How I Use NLP to Improve Website SEO: A Practical Guide

life
blogging
publish
seo
A practical guide to using Python and NLP for SEO automation. Covers Google Search Console API, keyword extraction, content gap analysis, and semantic search for real websites.
Author

Kareem Elkhateb

Published

July 18, 2023

Using Python and NLP to automate SEO analysis, find content gaps, and improve rankings for real websites.

This guide shows the exact workflow I use to optimize landing pages for local service businesses and content sites. No fluff — just Python code, real data, and measurable results.

Why NLP for SEO?

Search engines now understand intent, not just keywords. Writing “best plumber Cairo” 20 times no longer works. You need to cover topics comprehensively, answer related questions, and match the semantic intent behind queries.

NLP helps you:

  1. Mine real queries from Google Search Console that your pages already rank for
  2. Find content gaps — queries you appear for but don’t explicitly answer
  3. Analyze competitor content to see what topics they cover that you don’t
  4. Measure semantic similarity between your content and top-ranking pages

The Workflow

Step 1: Download Search Console Data

I fetch daily query data via the Google Search Console API. This gives me the actual terms people use to find my sites.

from googleapiclient.discovery import build
from google.oauth2 import service_account

def get_gsc_queries(site_url, days=28):
    credentials = service_account.Credentials.from_service_account_file(
        'gsc-credentials.json',
        scopes=['https://www.googleapis.com/auth/webmasters.readonly']
    )
    service = build('webmasters', 'v3', credentials=credentials)

    request = {
        'startDate': (datetime.now() - timedelta(days=days)).strftime('%Y-%m-%d'),
        'endDate': datetime.now().strftime('%Y-%m-%d'),
        'dimensions': ['query', 'page'],
        'rowLimit': 25000
    }

    response = service.searchanalytics().query(siteUrl=site_url, body=request).execute()
    return response.get('rows', [])

Step 2: Extract Keywords and Topics

Once I have the query list, I use NLP to group them by topic and identify patterns.

import spacy
from collections import Counter

nlp = spacy.load('en_core_web_sm')

def extract_topics(queries, min_freq=3):
    """Extract noun phrases and entities from search queries."""
    topics = Counter()
    for query in queries:
        doc = nlp(query.lower())
        # Extract noun chunks and named entities
        for chunk in doc.noun_chunks:
            if len(chunk.text.split()) <= 4:
                topics[chunk.text] += 1
    return {k: v for k, v in topics.items() if v >= min_freq}

This tells me what topics people actually search for. For example, on a cleaning services site, I discovered queries like “تنظيف فلل العين” (villa cleaning Al Ain) and “شركة تنظيف بالساعة” (hourly cleaning company) that I wasn’t targeting explicitly.

Step 3: Find Content Gaps

I compare Search Console queries against my page content to find gaps — queries where my site appears but the page doesn’t directly answer.

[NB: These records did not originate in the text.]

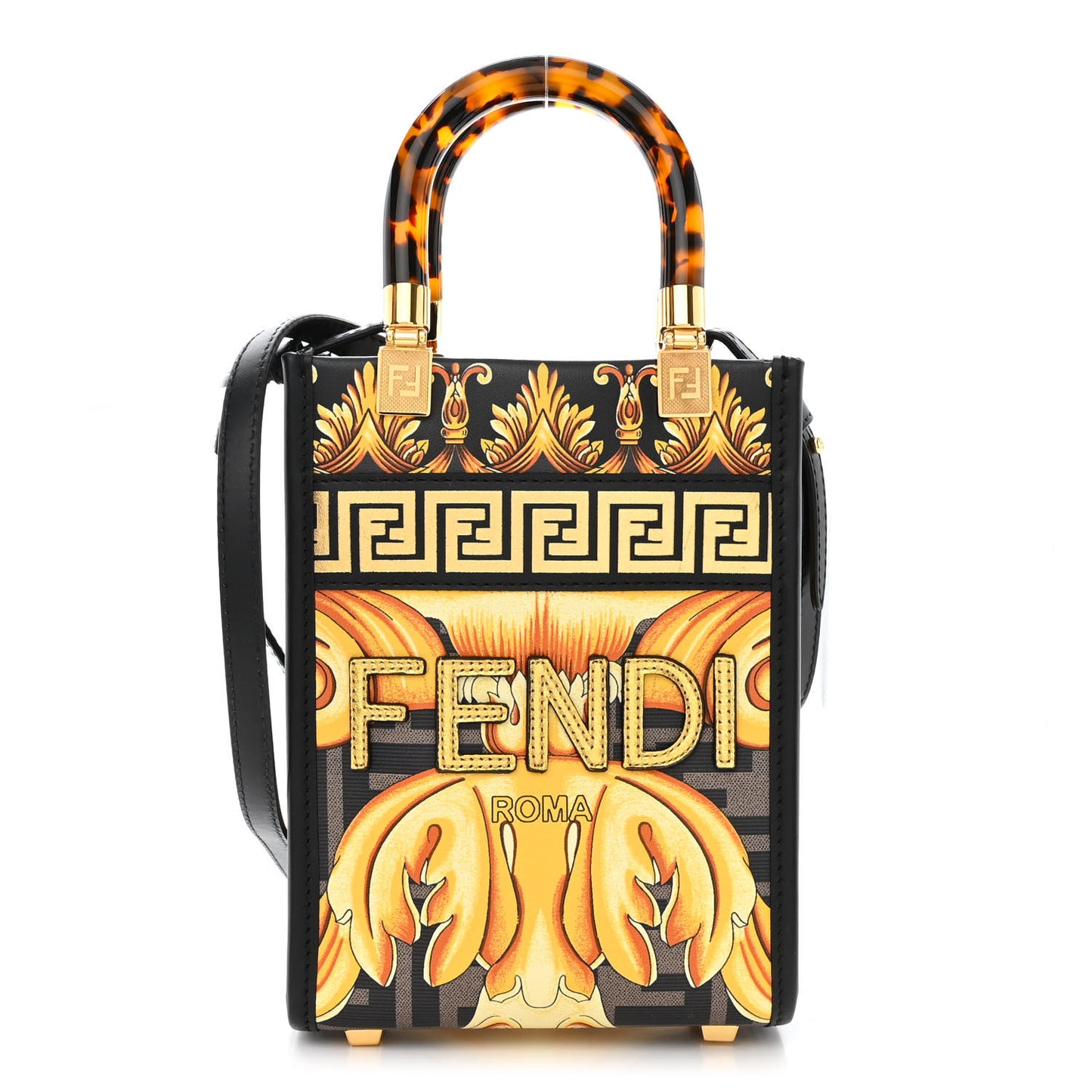 X VERSACE Vitello King Catalan Mirror Plexiglass Fendace FF Baroque Logo Mini Fendi Sunshine Shopper Tote Black Gold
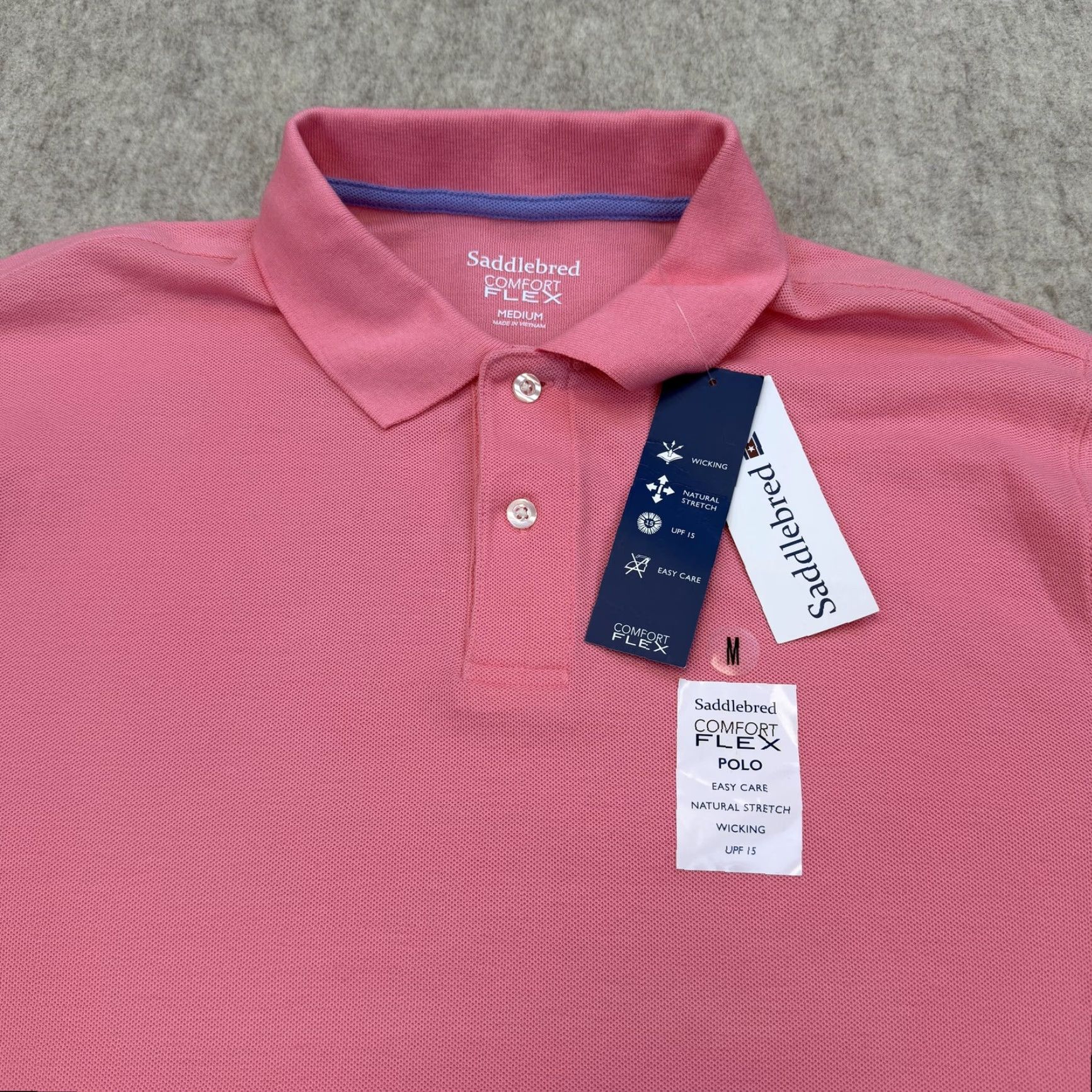 Vintage Saddlebred Polo Shirt Mens Medium Pink Comfort Flex Moisture Wicking UPF 15 Size US M / EU 48-50 / 2 - 3 Thumbnail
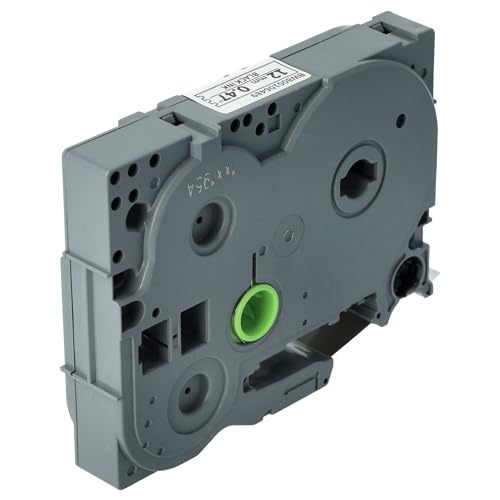 vhbw 3x Schriftband-Kassette kompatibel mit Brother PT H101C, H101GB, H101, H101TB, H105, H100R, H100P Etiketten-Drucker 12mm Schwarz auf Weiß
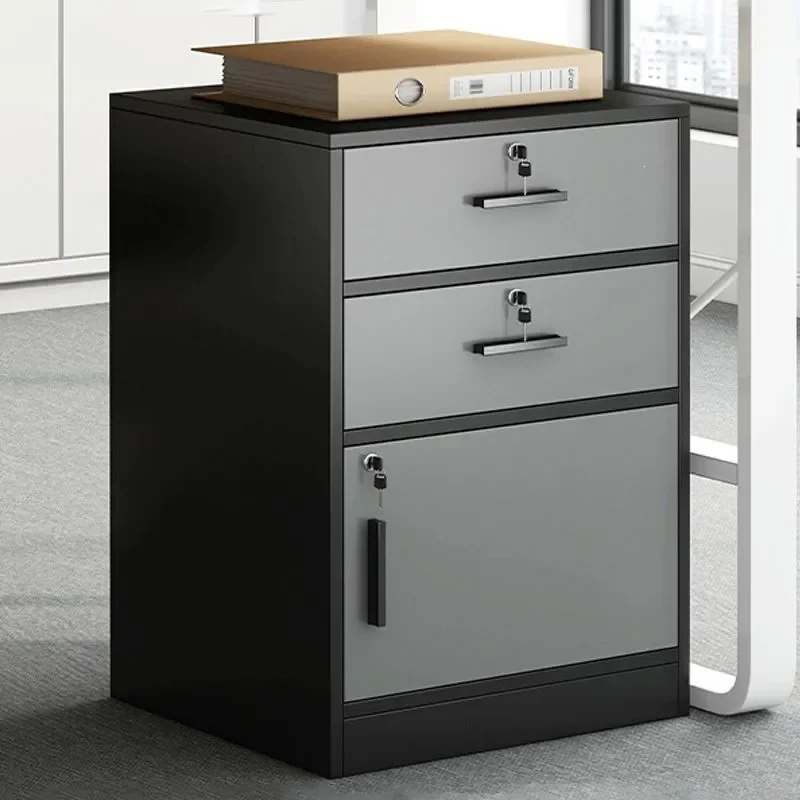 Wooden Office File Cabinet 3 Drawer Low Storage Cabinet with Lock Thickened Desktop Data Organizer Anti-theft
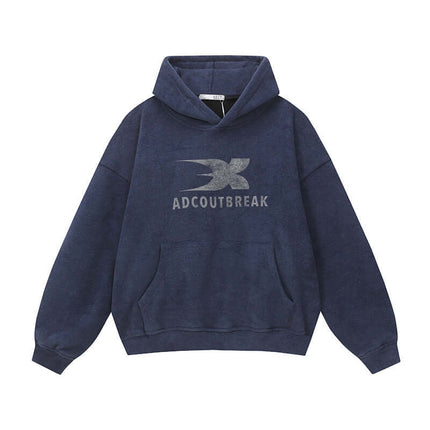 Back view of Gray letter print oversized hoodie thickened by Grozavu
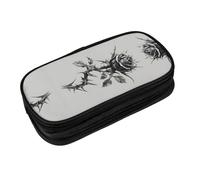 EZDLOWVBA Jolie trousse à crayons avec fermeture éclair pour garçons et filles avec imprimé rose foncé et épineux pour étudiants, trousse à crayons pour fille, fils, bureau, Noir , Taille unique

from sentence_transformers import SentenceTransformer
from sklearn.metrics.pairwise import cosine_similarity

model = SentenceTransformer('all-MiniLM-L6-v2')

def find_content_gaps(queries, page_content, threshold=0.55):
    """Find queries with low semantic similarity to page content."""
    page_embedding = model.encode([page_content])
    gaps = []

    for query in queries:
        query_embedding = model.encode([query])
        similarity = cosine_similarity(query_embedding, page_embedding)[0][0]
        if similarity < threshold:
            gaps.append((query, similarity))

    return sorted(gaps, key=lambda x: x[1])

If a query has low similarity to my page, it means my content doesn’t cover that topic well. I add an H2 section answering that specific query.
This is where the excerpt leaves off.